Дело, однако, не только в том, что феноменология отказывается от объяснения деятельности сознания через предметы и процессы, которые сознанием не являются. Такой отказ есть существенная черта идеалистической философии в целом.
Специфика феноменологии состоит в том, что «конечные элементы» сознания истолковываются как смыслообразующие факторы, факторы, выражающие первичное предназначение сознания – воспринимать, представлять, понятийно мыслить и т. п. различного рода предметности. В традиционных формах субъективного идеализма (Беркли, Мах) сознание предстает как совокупность ощущений, к которым, в конечном итоге, сводится предметное содержание объективного мира. При этом сами ощущения уже не являются сознанием в собственном смысле слова, ибо сами ощущения не конституируют смысл ощущений и не могут быть основой единства сознания. В традиционных формах объективного идеализма (Гегель) сущность сознания выражается в спекулятивной конструкции, в сцеплениях абстрактных форм мышления. Однако сами логизированные структуры мышления не обладают конститутивным смыслообразующим характером. В них уже воплощено определенное смысловое содержание, которое лишь в превращенной форме отражает («угадывает») действительное содержание действительного мира.

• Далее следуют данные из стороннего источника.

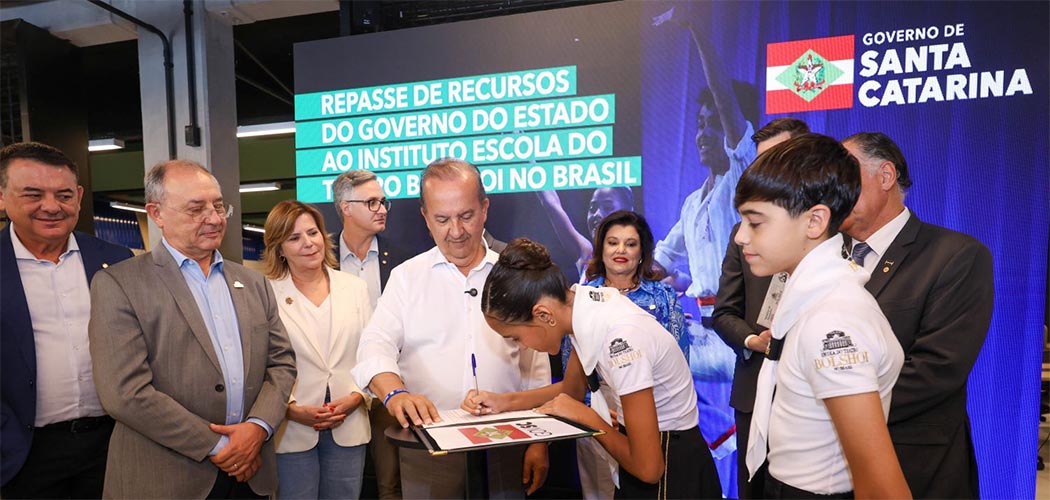 Jorginho Mello anuncia recursos para a Escola do Teatro Bolshoi e Bombeiros Voluntários de Joinville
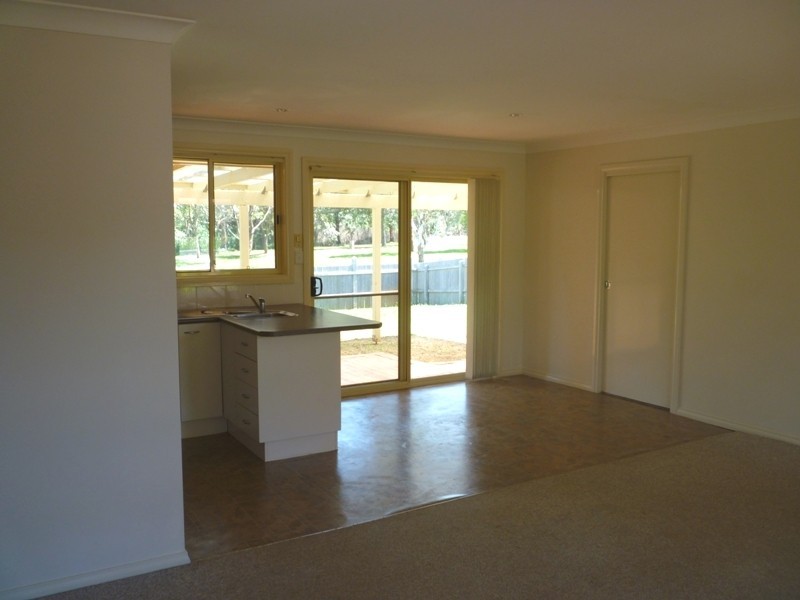 8 Parkside Court, Port Macquarie NSW 2444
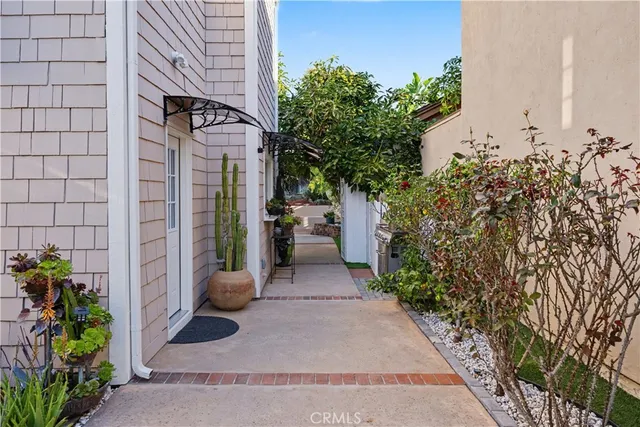 $1,798,888 | 8 Monticello, Irvine, CA 92620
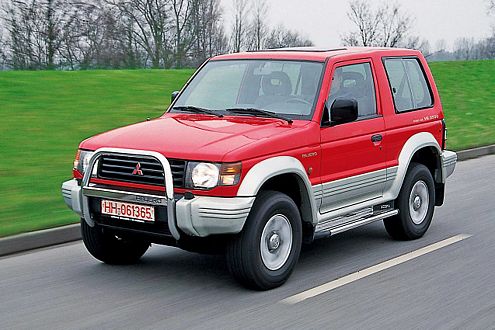 Der Pajero der zweiten Generation besitzt noch einen Leiterrahmen.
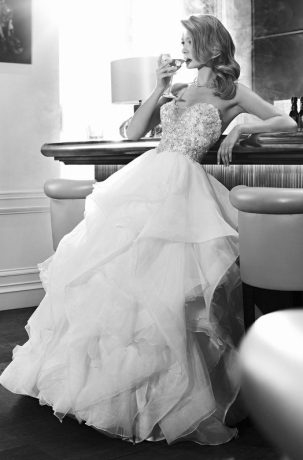 Suknie ślubne Suknia ślubna w stylu glamour z bogato zdobionym gorsetem i falbanami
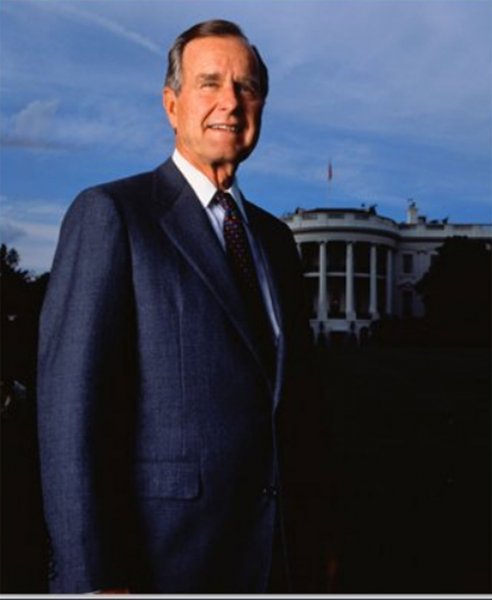 Ушел из жизни экс-глава США Джордж Буш-старший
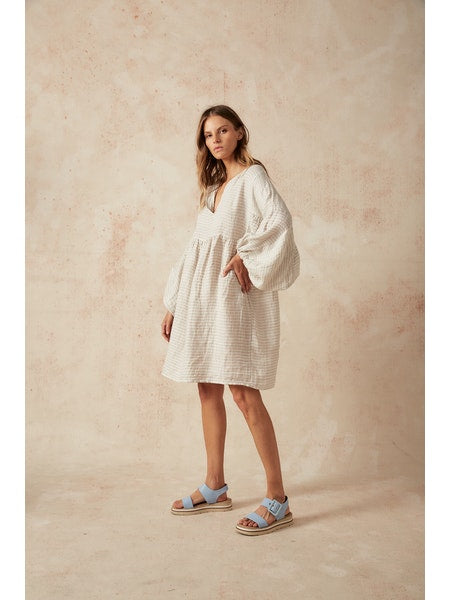 Estilo Emporio Stella Linen Dress - Binario - LUXAMORE -Dress-Estilo Emporio Stella Dress, Featuring playful balloon puff sleeves with elasticized cuffs and an above-the-knee hemline shop Estilo Emporio Dresses at Luxamore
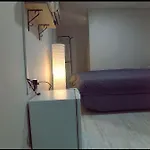 24Guesthouse Sinchon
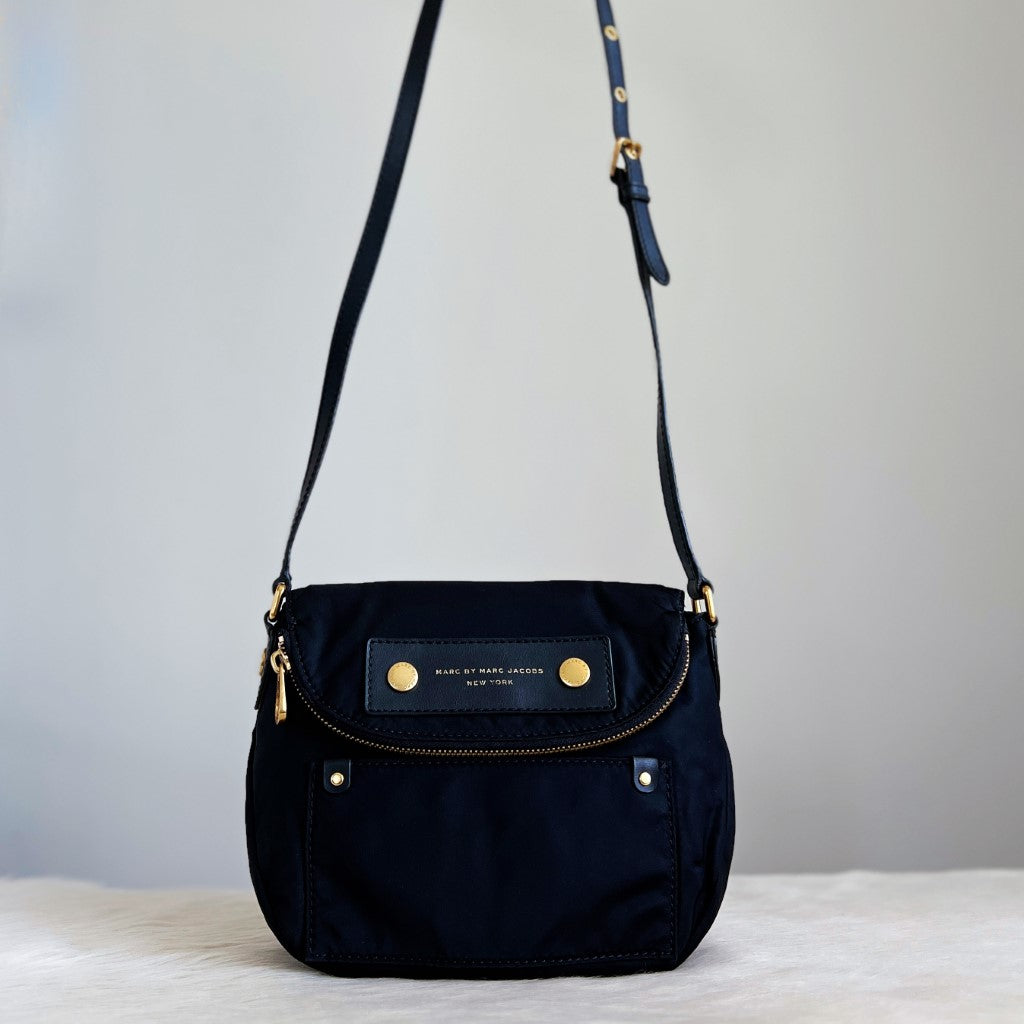 Marc Jacobs Black Front Patch Zip Flap Crossbody Shoulder Bag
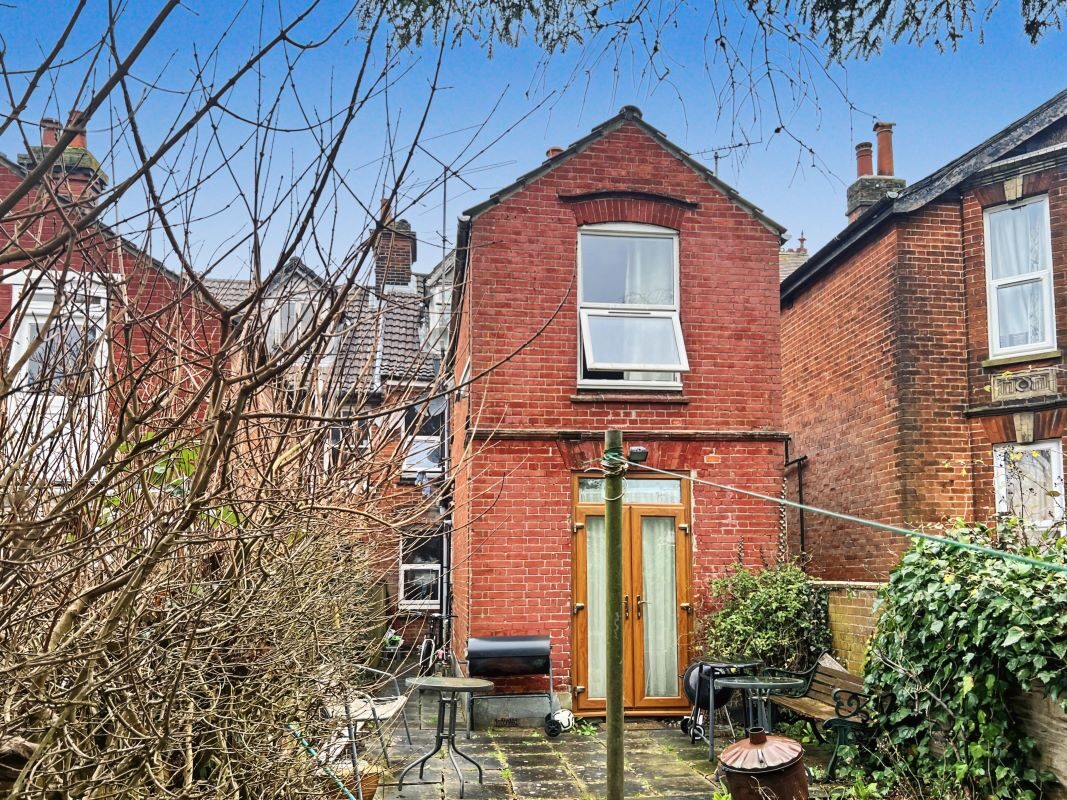 62 Broom Hill Road, Ipswich, Suffolk, IP1 4EH lot image - 12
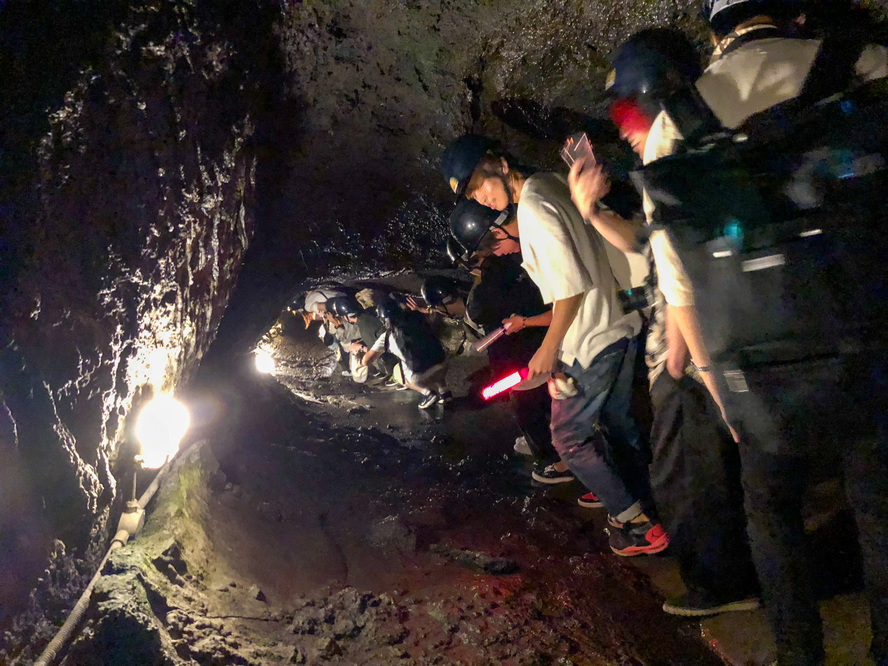 富士五湖観光-西湖の見どころ・魅力・楽しみ方_鳴沢氷穴の洞窟冒険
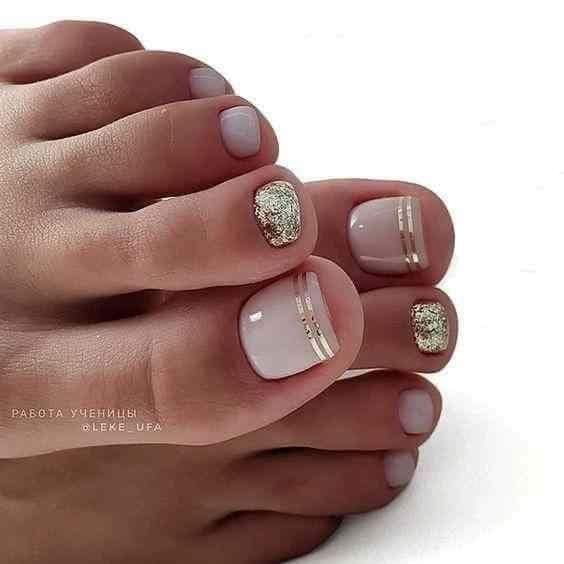 7 Décoration d'ongles de pieds naturels avec des rayures et des paillettes dorées et argentées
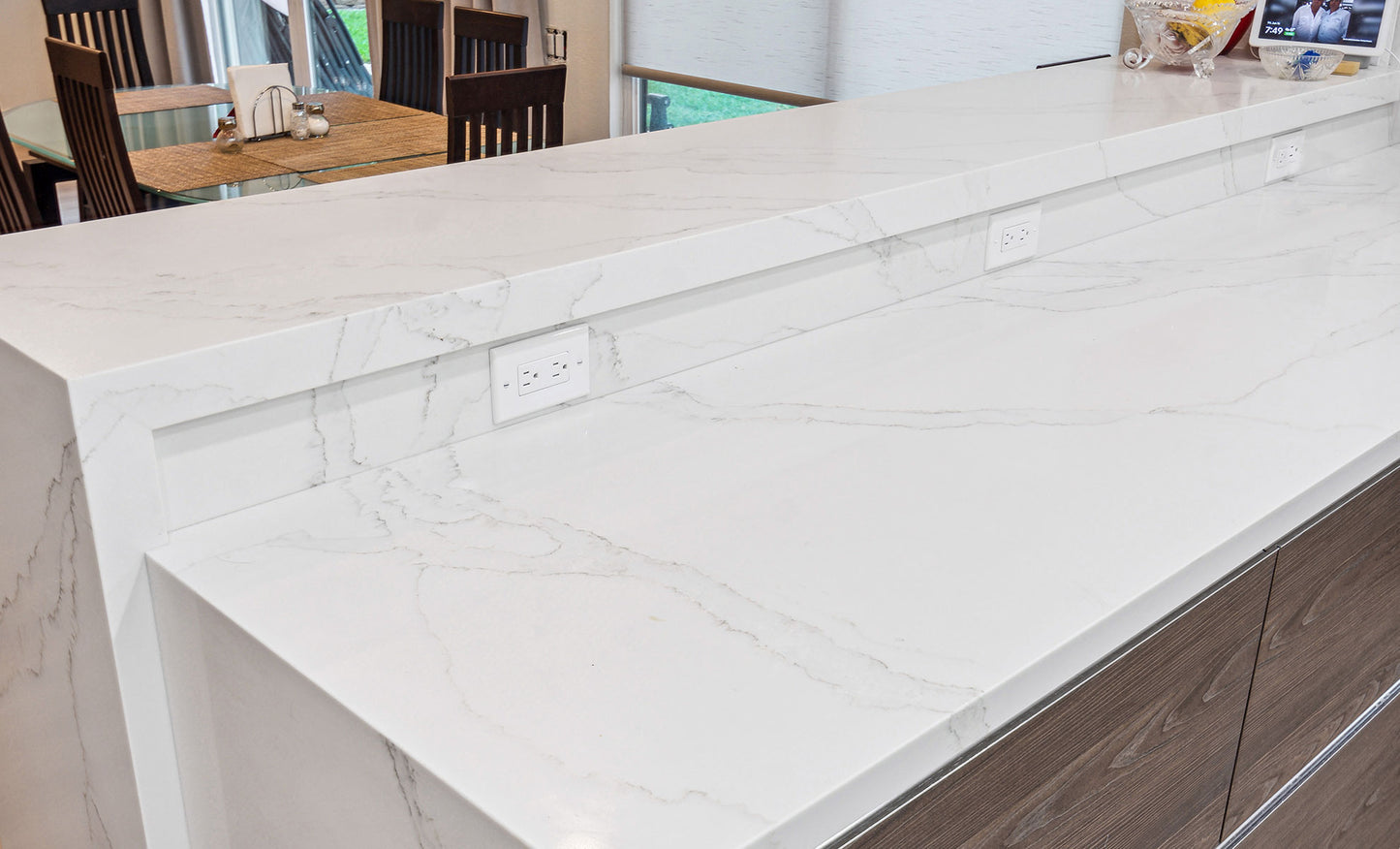 Vadara Quartz Phoenix Sky Polished 126" x 63" 2 cm Quartz Slab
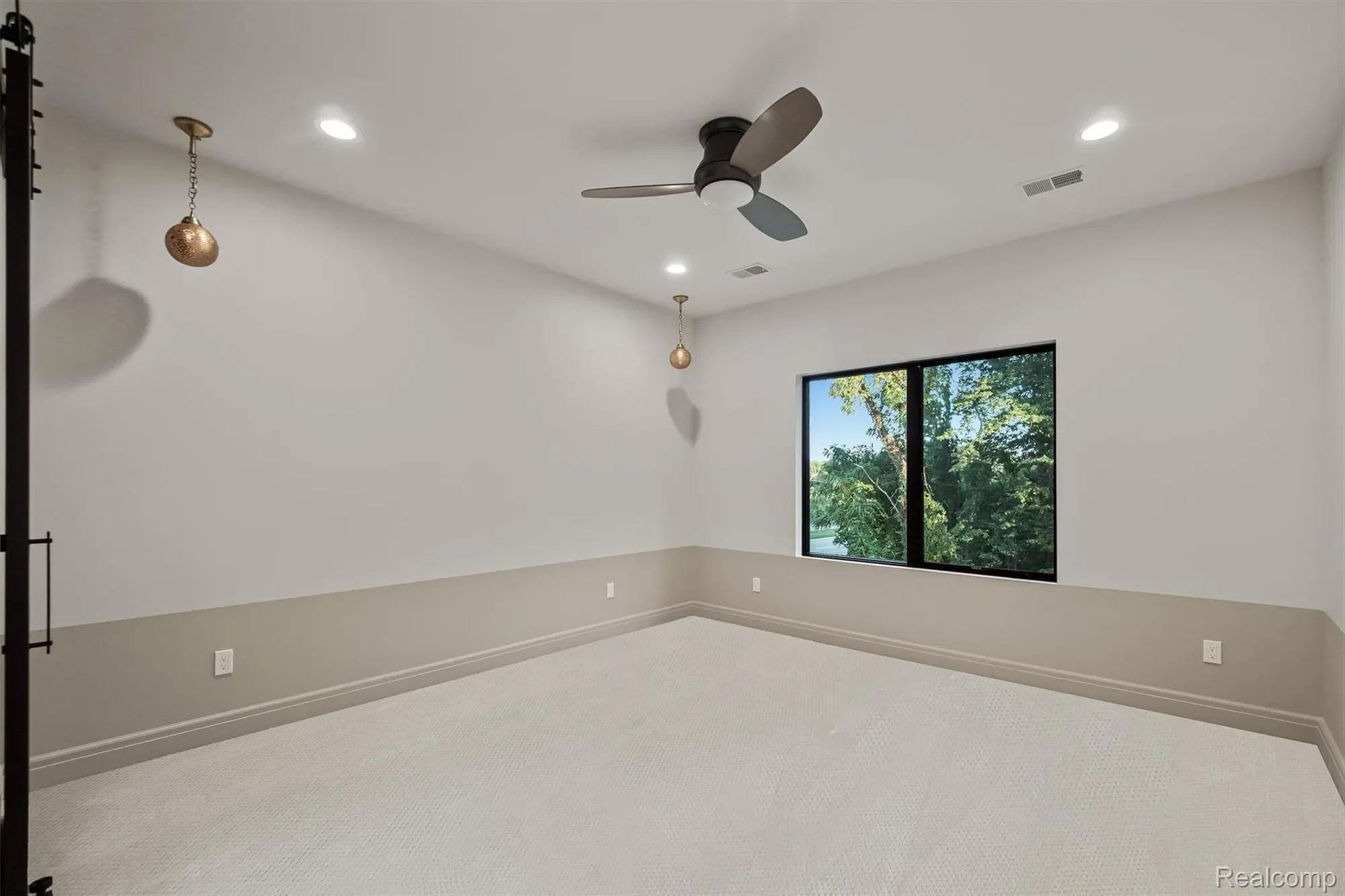 559 Barrington Park Drive, Bloomfield Hills, MI 48304, Bloomfield Hills, Michigan, United States. - Photo 23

В феноменологической философии была предпринята попытка снять альтернативу между «расчленением» сознания на совокупность ощущений и «подключением» сознания к системе абстрагированных от его деятельности понятий. «Первичные элементы сознания», будь это ощущения, «протокольные предложения» и т. п., так же как системы понятий, оторванных от опоры в чувственном созерцании, становятся, как правило, объектами конструирования, первичным материалом многочисленных концепций, но не могут быть непосредственным объектом феноменологической рефлексии. В противоположность этому феноменология обнаруживает тенденцию воздержания от построения любого рода концепций сознания, в которых отсутствует рефлексивная работа с «самим сознанием». Императивный характер феноменологии выражает прежде всего попытку пробиться через концепции сознания к самому сознанию и превратить философское исследование из абстрактного манипулирования понятиями в изучение различных видов деятельности сознания в контексте многообразных культурно-исторических форм.
Различие между концепциями, объясняющими сознание, и методом, непосредственно «работающим» с сознанием, так же велико, как различие между представлением о каком-либо роде деятельности и самой деятельностью, представлениями о любви, достоинстве, моральном долге и переживанием любви, чувством собственного достоинства, выполнением долга.